Edna O'Brien
Edna O'Brien is sitting in front of me. You can talk to me for 30 minutes she says in that famous County clare burr mixed with an almost aristocratic Englishness.
I've met her before. The John Hewitt bar, May 2006 at the 7th Cathedral quarter arts festival.
She's about to be interviewed on stage by Martin Lynch. She's running late, and so by the time she gets there, there's no time for me to do a short interview for the radio arts programme. So I stay and watch Martin Lynch swoon under her legend and grab her at the bar afterwards. Well you can't grab Edna O'Brien. She's so gracious. She allows you into her orbit.
I'm mesmerised by her. Her poise, grace and total self assurance. And yet she tells me during the interview that one of the memories that haunted her in the aftermath of the publication of "Country Girls" in 1960, and the book burning and the censorship, was her family back home telling her how much she had shamed them. She still feels the sting of that comment more so than the ash of her book outside a church.
She's been in London since the sixties and she dresses like she's on a swinging Carnaby street. It suits her. Black ruched dress with a white enamel flower brooch dead centre.

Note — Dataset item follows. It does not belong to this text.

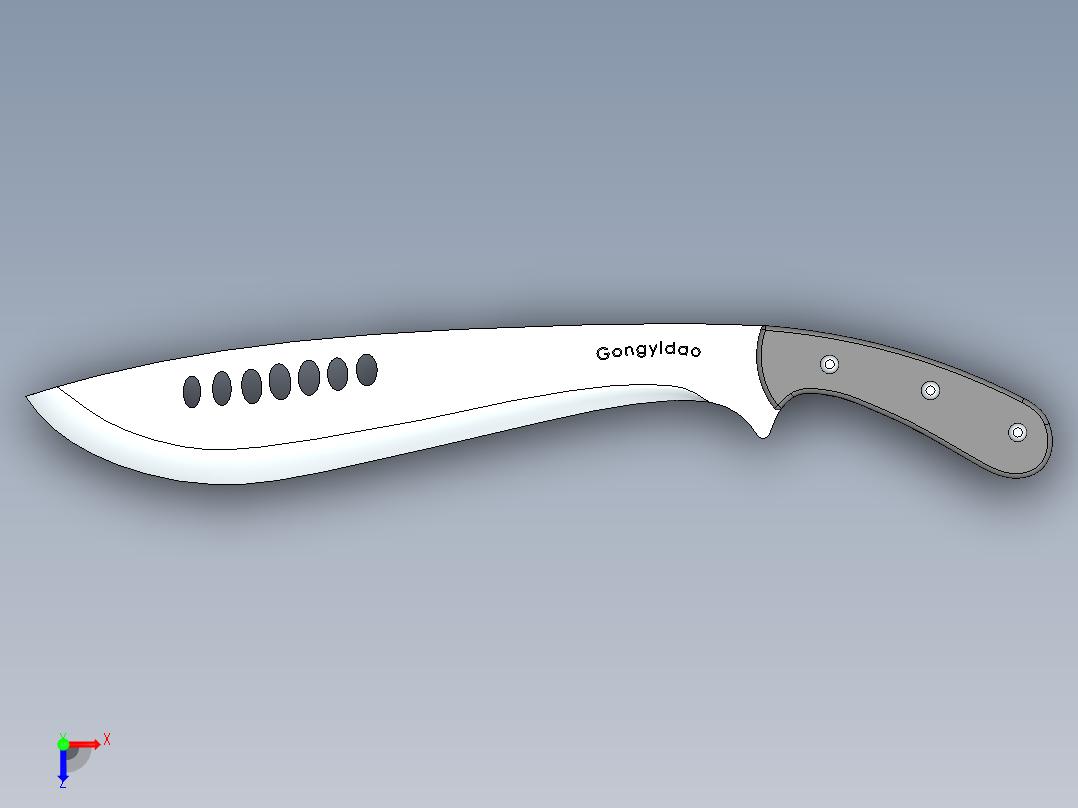 工艺刀渲染俯视图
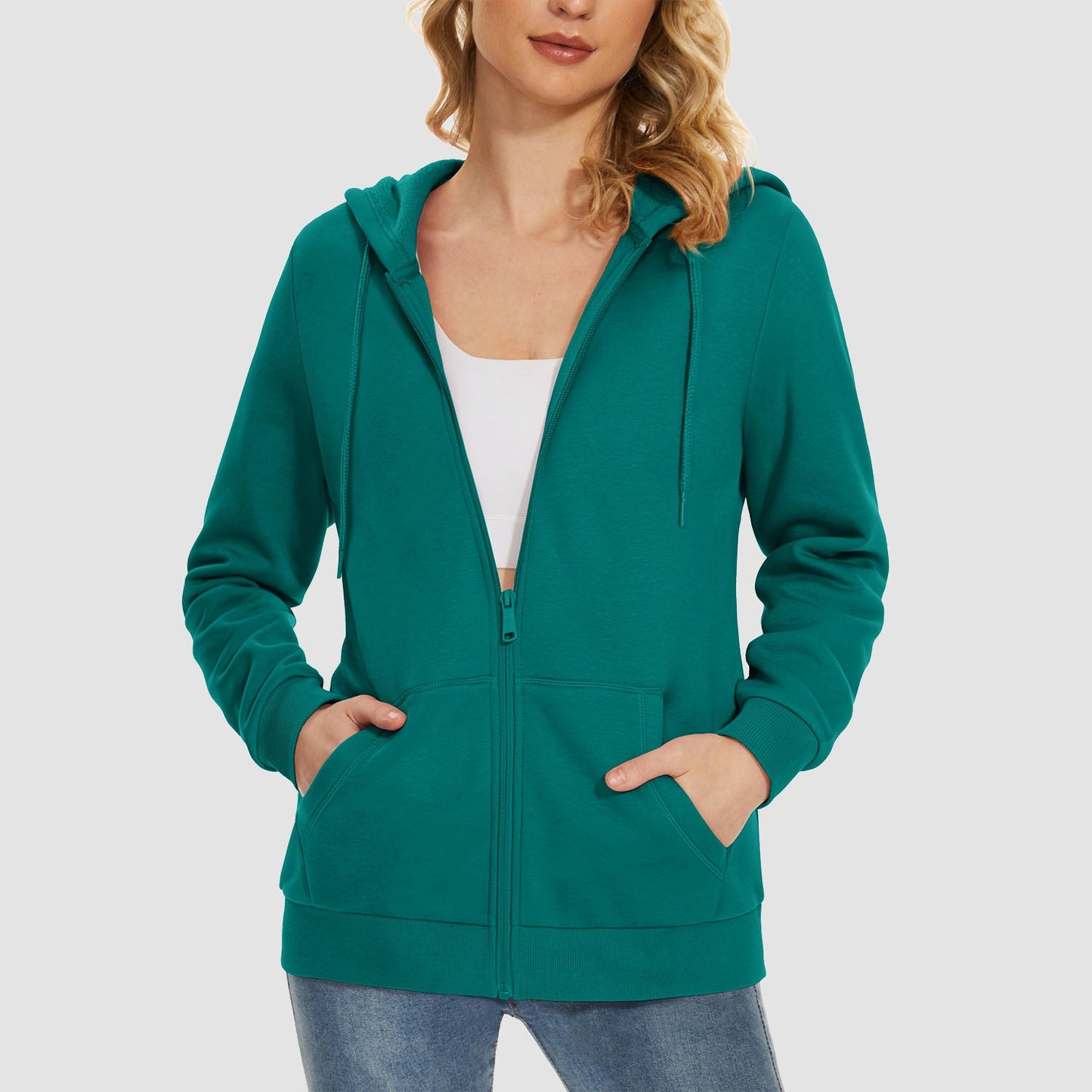 Women's hooded full-zip fleece jacket windproof poly-cotton blend with pockets for fall winter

A shaggy black shrug over her shoulders. The only concession to her age is a stick which she says she has left in the other studio. No I don't need it now. She just wants to make sure she doesn't leave without it.

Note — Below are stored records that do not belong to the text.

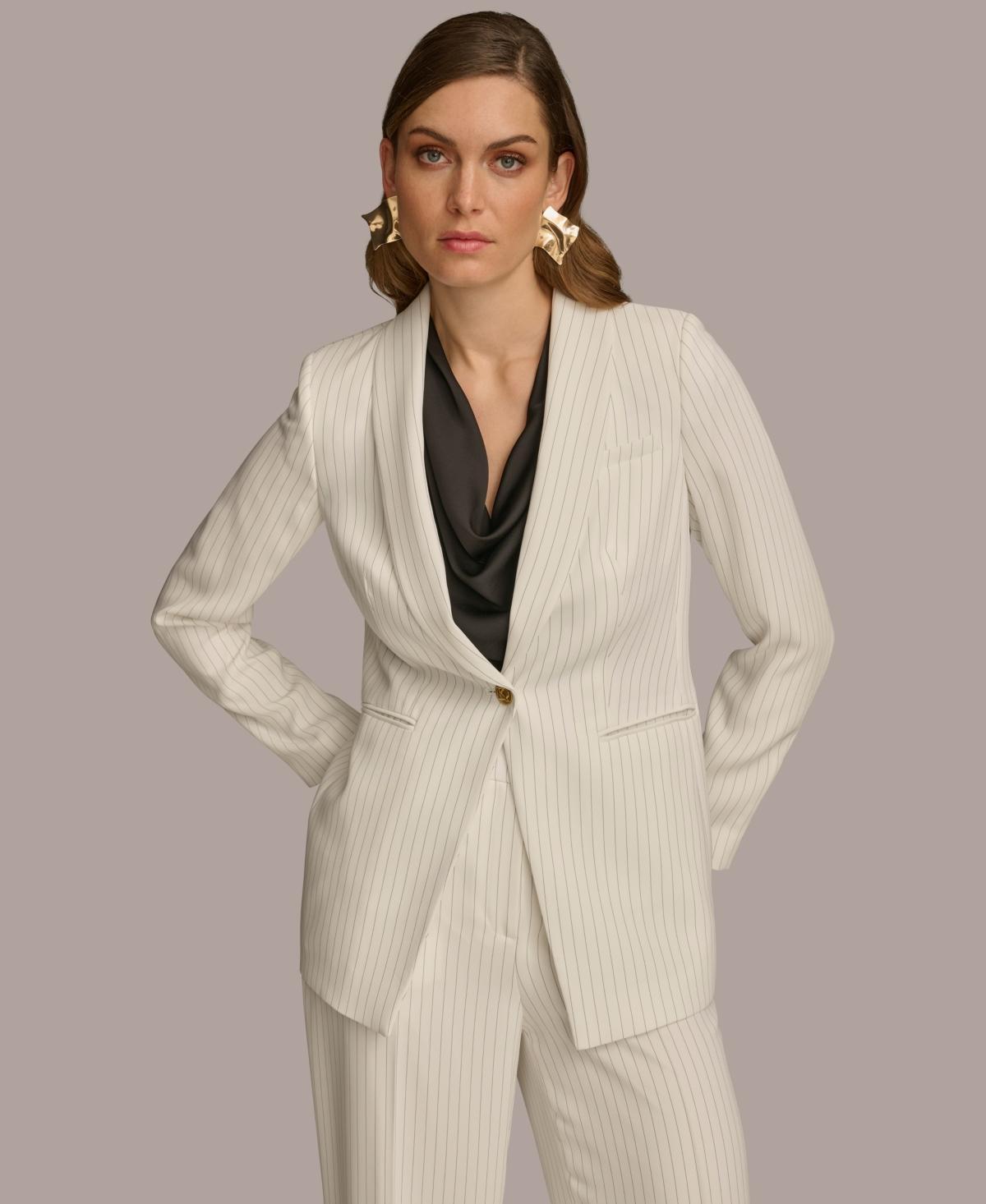 Women's One Button Pinstripe Blazer Product Image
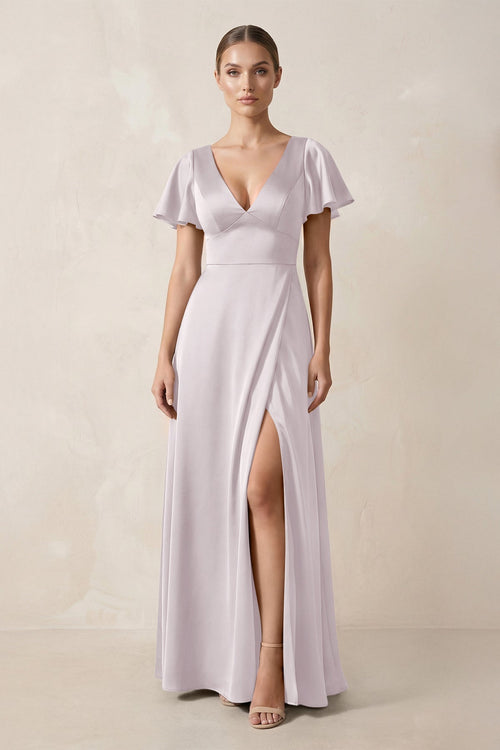 Short Sleeve V - Neck A - Line Satin Bridesmaid Dress With Slit in Dusk - KissProm Bridesmaid Dresses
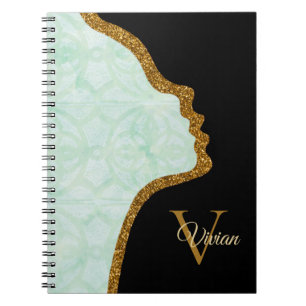 Sweet Mint Green Black And Gold Glitter Face Notebook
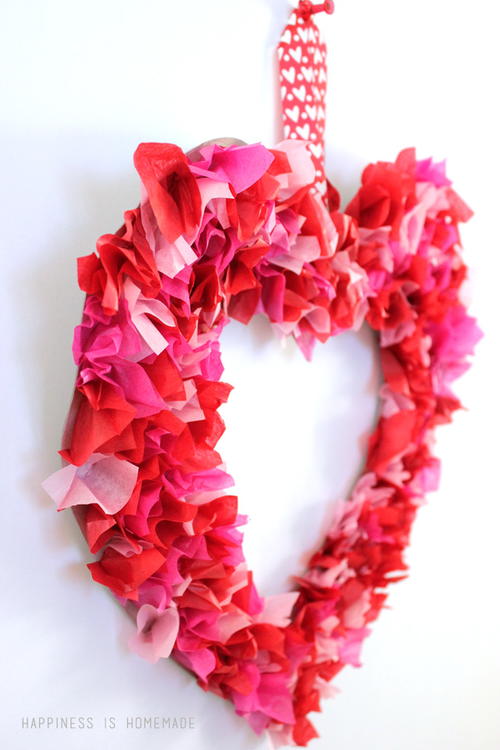 Tissue Paper Valentines Day Wreath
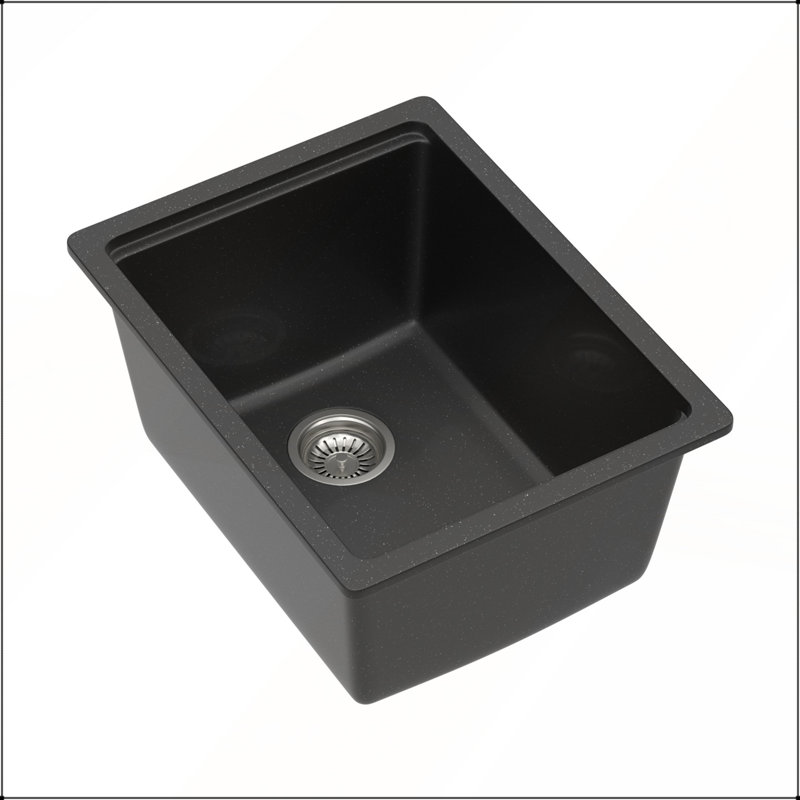 Évier de bar à quartz - Comptoir de cuisine en granite noir 15 x 20 po avec accessoires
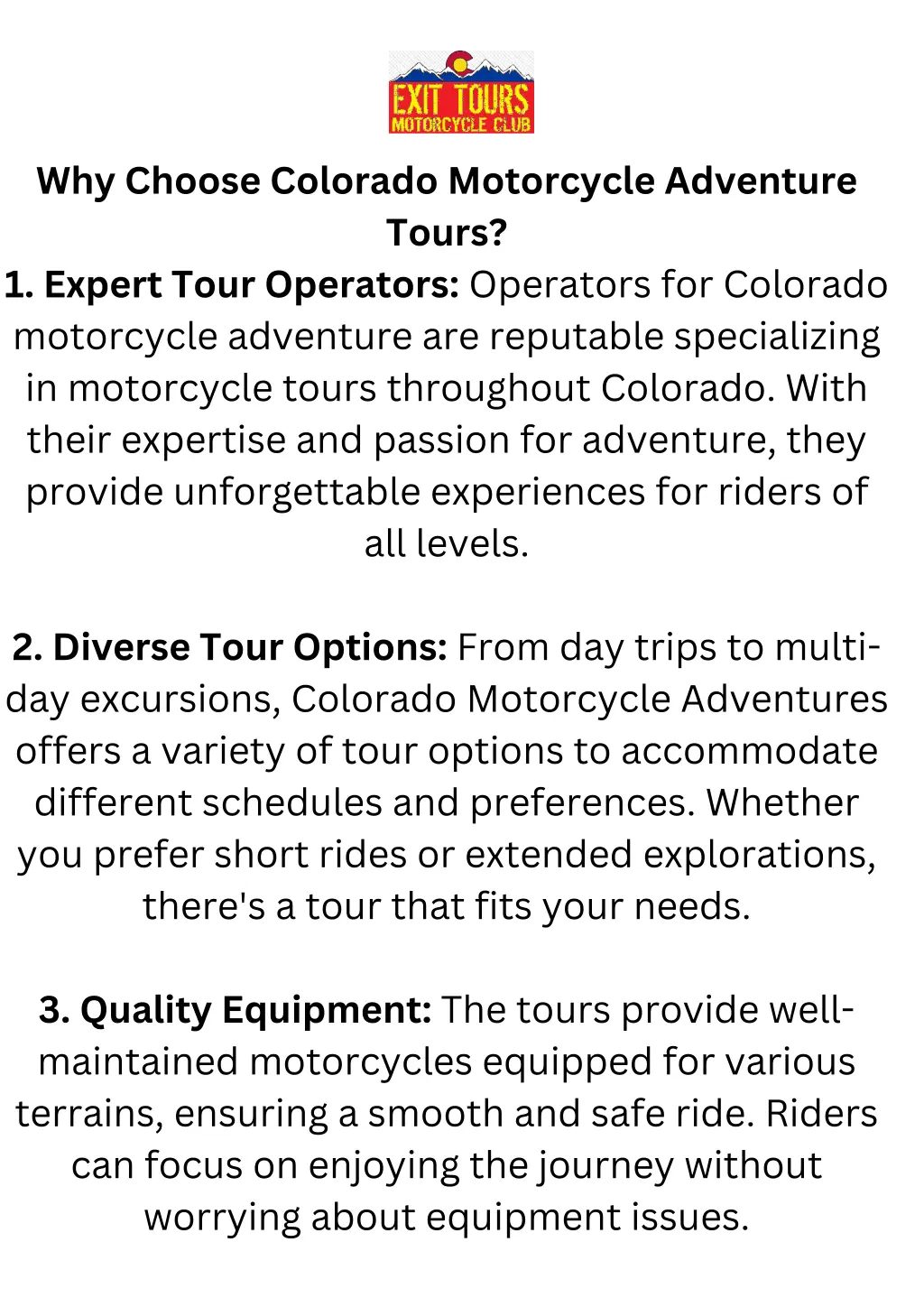 why choose colorado motorcycle adventure tours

I remark that I'd read that Faber & Faber have bought the rights to her autobiography. It's a memoir she gently corrects me. Much nicer idea. Memoir, memory. That's what she's going to be doing for the next 18 months. Writing it and reading nothing but other people's memoirs.
When she was writing her play "haunted", the reason she's in Belfast as it had just opened in the Grand Opera House the night before, she said she read nothing but plays. The restoration dramatists and Shakespeare.

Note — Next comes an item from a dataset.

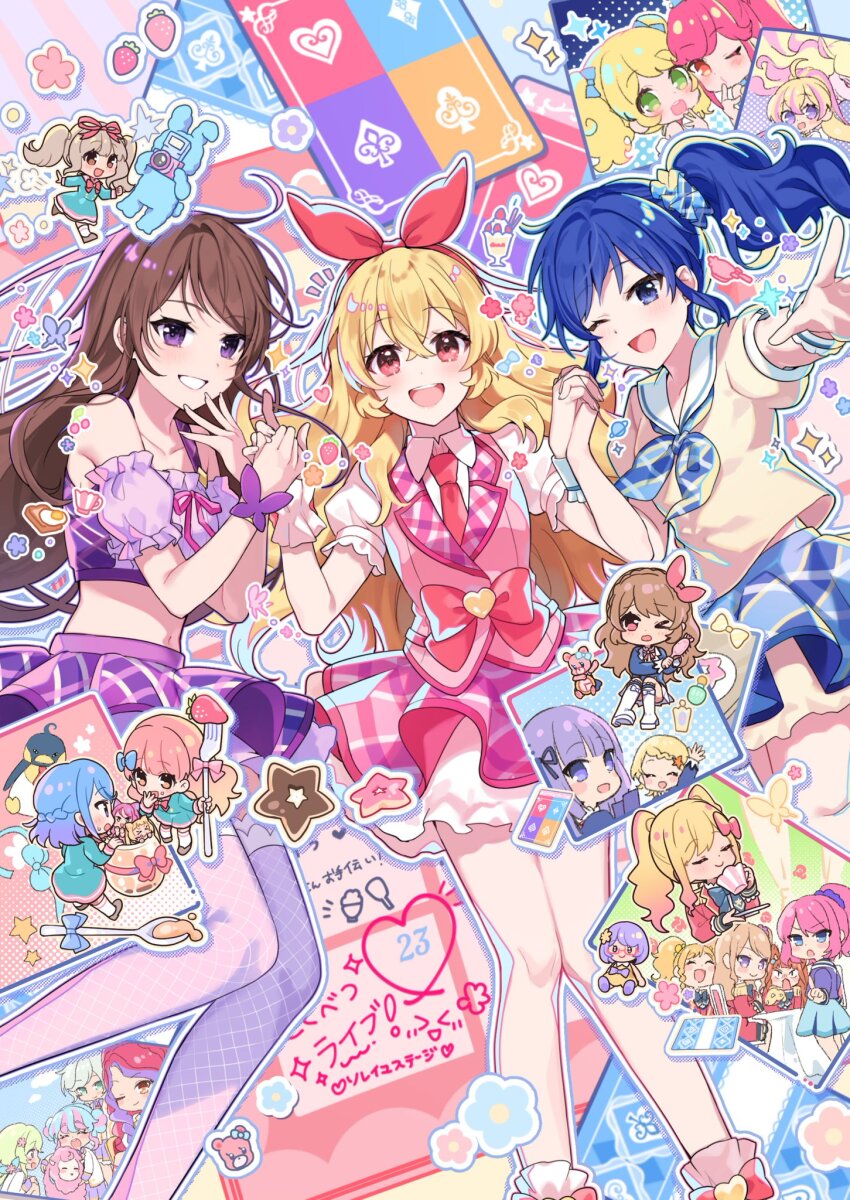 >_<, 6+girls, :d, ahoge, aikatsu!, aikatsu!_(series), aikatsu_friends!, aikatsu_on_parade!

Before the interview started she had leant towards me. Can you help me? Yes. I need an aisle seat on the flight back to London tomorrow. Don't understand this online booking system.
So as I get the green light from the producer on the other side of the glass to start the interview, my head is full of priests burning "Country Girls" and online airline booking forms.
And yes the booking was done. How could we not make sure the woman who Philip Roth called "the most gifted woman now writing in English" got her leg room?